Source records section start

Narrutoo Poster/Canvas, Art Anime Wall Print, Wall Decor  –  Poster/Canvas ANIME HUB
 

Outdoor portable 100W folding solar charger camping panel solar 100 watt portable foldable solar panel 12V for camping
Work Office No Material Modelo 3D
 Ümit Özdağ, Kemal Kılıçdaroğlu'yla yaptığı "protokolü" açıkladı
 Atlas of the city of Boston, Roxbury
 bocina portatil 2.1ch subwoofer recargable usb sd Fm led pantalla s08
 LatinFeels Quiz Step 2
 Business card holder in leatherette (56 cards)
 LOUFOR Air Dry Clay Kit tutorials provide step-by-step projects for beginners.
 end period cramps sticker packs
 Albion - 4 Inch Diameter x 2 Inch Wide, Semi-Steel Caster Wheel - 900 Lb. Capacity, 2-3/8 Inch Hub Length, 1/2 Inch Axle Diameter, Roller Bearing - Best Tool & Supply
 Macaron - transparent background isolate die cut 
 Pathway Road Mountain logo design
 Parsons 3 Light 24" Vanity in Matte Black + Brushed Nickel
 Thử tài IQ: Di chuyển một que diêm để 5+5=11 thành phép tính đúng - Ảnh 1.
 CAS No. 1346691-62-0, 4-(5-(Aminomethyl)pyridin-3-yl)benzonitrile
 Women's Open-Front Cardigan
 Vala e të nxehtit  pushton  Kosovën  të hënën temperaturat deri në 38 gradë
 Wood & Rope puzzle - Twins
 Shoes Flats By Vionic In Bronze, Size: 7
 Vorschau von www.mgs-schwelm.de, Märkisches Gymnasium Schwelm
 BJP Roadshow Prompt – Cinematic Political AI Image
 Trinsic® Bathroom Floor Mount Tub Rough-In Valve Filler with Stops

Source records section end

▸ **Exercise prompt**
Starting at the line above that contains "Atlas of the city of Boston, Roxbury", write out each line exactly until the line that contains "Parsons 3 Light" has been written, and stop there.

▸ **Result of this exercise**
 Atlas of the city of Boston, Roxbury
 bocina portatil 2.1ch subwoofer recargable usb sd Fm led pantalla s08
 LatinFeels Quiz Step 2
 Business card holder in leatherette (56 cards)
 LOUFOR Air Dry Clay Kit tutorials provide step-by-step projects for beginners.
 end period cramps sticker packs
 Albion - 4 Inch Diameter x 2 Inch Wide, Semi-Steel Caster Wheel - 900 Lb. Capacity, 2-3/8 Inch Hub Length, 1/2 Inch Axle Diameter, Roller Bearing - Best Tool & Supply
 Macaron - transparent background isolate die cut 
 Pathway Road Mountain logo design
 Parsons 3 Light 24" Vanity in Matte Black + Brushed Nickel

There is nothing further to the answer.